Therapy
Lung open ventilation study group - Ventilation Strategy Using Low Tidal Volumes, Recruitment Maneuvers, and High Positive End-Expiratory Pressure for Acute Lung Injury and Acute Respiratory Distress Syndrome: A Randomized Controlled Trial
This review may be edited
Summary
Posted By: AMIT KANSAL
E-Mail: akan95@gmail.com
Posted Date: 06/09/08
Title: Lung open ventilation study group - Ventilation Strategy Using Low Tidal Volumes, Recruitment Maneuvers, and High Positive End-Expiratory Pressure for Acute Lung Injury and Acute Respiratory Distress Syndrome: A Randomized Controlled Trial
Authors: Meade et alJAMA. 2008 Meade MO, Cook DJ, Guyatt GH, Slutsky AS, Arabi YM, Cooper DJ, Davies AR, Hand LE, Zhou Q, Thabane L, Austin P, Lapinsky S, Baxter A, Russell J, Skrobik Y, Ronco JJ, Stewart TE; Lung Open Ventilation Study Investigators.

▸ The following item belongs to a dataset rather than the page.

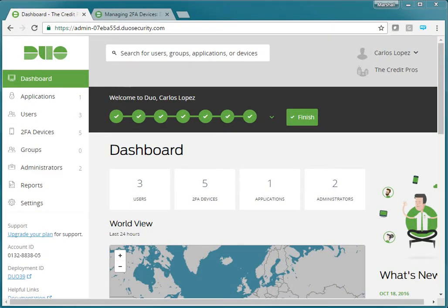Hi, this is Marshall Wright with Decker Wright Corporation, and in this short video, we're going to show you how to add users and associate the users with devices in the Duo Admin Console.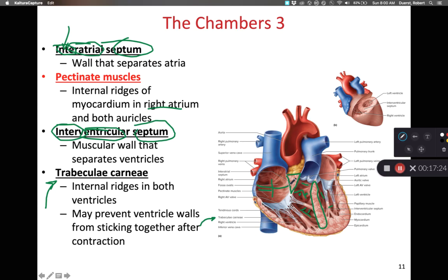A key distinction: pectinate muscles are only present within the right atria, whereas trabeculae carneae are present in both the left and right ventricles. The lack of pectinate muscles in the left atria makes it difficult during a dissection to distinguish where the pulmonary vein ends and where the atria begins.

Reference: JAMA. 2008 Feb 13;299(6):637-45.
Link: Click here for a direct link to the paper. A password may be required for access to fulltext.
Abstract: Context: Low-tidal-volume ventilation reduces mortality in critically ill patients with acute lung injury and acute respiratory distress syndrome. Instituting additional strategies to open collapsed lung tissue may further reduce mortality.
Objective: To compare an established low-tidal-volume ventilation strategy with an experimental strategy based on the original “open-lung approach,” combining low tidal volume, lung recruitment maneuvers, and high positive-end–expiratory pressure.
Design and Setting: Randomized controlled trial with concealed allocation and blinded data analysis conducted between August 2000 and March 2006 in 30 intensive care units in Canada, Australia, and Saudi Arabia.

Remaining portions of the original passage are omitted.